My grandmother has been getting weaker by the day. She can’t talk anymore. The last picture I saw of her is really heartbreaking. I almost did not recognize her. I hope there’s still enough time left so that I would be able to see her still alive when I go home. I pray that she holds on a little bit more. I only got a month left in this island. Keep strong, ma!
My so-called friends. I don’t know what happened. I thought they were for keeps because they are the ones who were there when I was so down. I don’t know what I did or did not do. It’s just all of a sudden, I got a cold shoulder. I honestly don’t mind. I just feel bad that there is no friendship to keep anymore.
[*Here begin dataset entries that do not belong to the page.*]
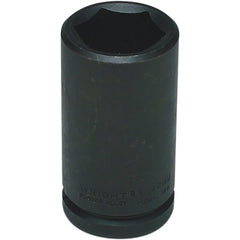 Wright Tool & Forge - Impact Sockets; Drive Size: 3/4 ; Size (mm): 30.0000 ; Type: Deep ; Style: Impact Socket ; Style: Impact Socket ; Style: Impact Socket - Exact Industrial Supply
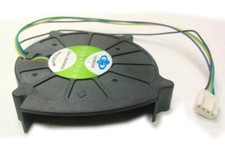 TopMotor 80mm x 15mm Ball Bearing PWM Blower (DB128015BU-PWMG) -Plastic Cover picture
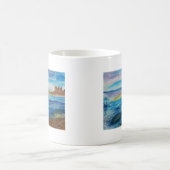 Northumberland-Küste Kaffeetasse (Mittel)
I mean, I respect their opinion of me, if they think I’m not good enough to be their friend, then maybe, there was really no friendship to begin with. On the other hand, it’s good because it makes me appreciate the ones who still stuck with me. Who accepted me, flaws and all, just as I am, and makes me feel that really, no one is perfect. We would disappoint each other’s expectations from time to time and yet, real friends would choose to stay, and help you change for the better.
A person who I was hoping I was wrong about him. I’m not.
Oh well, it is what it is. Just enjoy the good days to the fullest because there would always be days when you feel like you just want to live under a rock until everything is going right again. I’m holding on to faith though. My miracle is just around the corner waiting to happen.